United States historical air display organization

Houston Wing was founded in June 1978 as the West Houston Squadron (then under the West Texas Wing) of the Commemorative Air Force It is a United States historical air display organization and public history education focused on vintage aircraft of military aviation mainly of World War II time period. It also has a sizable museum with a broad collection of artifacts and themed displays.

==Aircraft Collection==
Located at West Houston Airport since its foundation the organization occupies hangar B-5 and currently maintains a fleet of training aircraft used during World War II. They also are in process of restoring two post war aircraft, a Ryan L-17 Navion, and the nose section of an Aero L-39 Albatros. Also present is some aircraft engines on display, including one cutaway.
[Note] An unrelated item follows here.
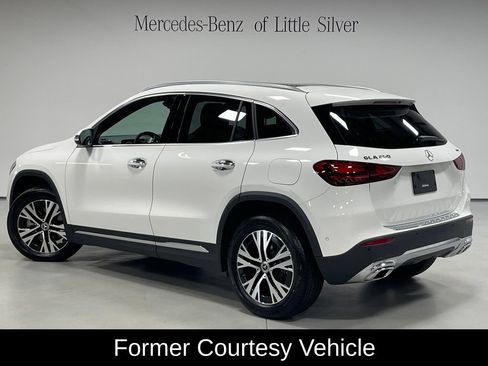 Used 2026 Mercedes-Benz GLA 250 4MATIC image 3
Current aircraft under care:
- Lockheed C-60A Lodestar Goodtime Gal – Paratroop Transport
- North American AT-6 Texan Ace in the Hole – Advanced Trainer
- Consolidated-Vultee BT-13 Valiant – Basic Trainer
- Naval Aircraft Factory N3N Canary – Primary Trainer
- Fairchild PT-19A Cornell – Primary Trainer
- North American L-17 Navion – Liaison Aircraft
- Cockpit section of an Aero L-39 Albatros - Advanced Trainer

Past aircraft:
- Stinson 108 in Civil Air Patrol markings
- Douglas DC-3 Dragon Lady

==Museum==
While the in hangar museum is mostly on World War II aviation there is a large number of items from ground and naval forces including from belligerent nations (Germany and Japan), plus a few items from World War I and post World War II. There is also special displays for the Women Airforce Service Pilots, life in USA during the war, and one on the history of the CAF itself. A few items can be handled and operated by visitors, including an "Gibson Girl" Emergency Survival radio.

==Events==
The museum is open first and third Saturday of each month (at the airport gate state you are going to museum) and special events for any size group can be organized in advance, including school events. Annual events include a Hangar Dance, the "Warbird Weekend" WW2 themed gathering of all types of vehicles and reenactors, and major participation with the Wings Over Houston air show at Ellington Airport.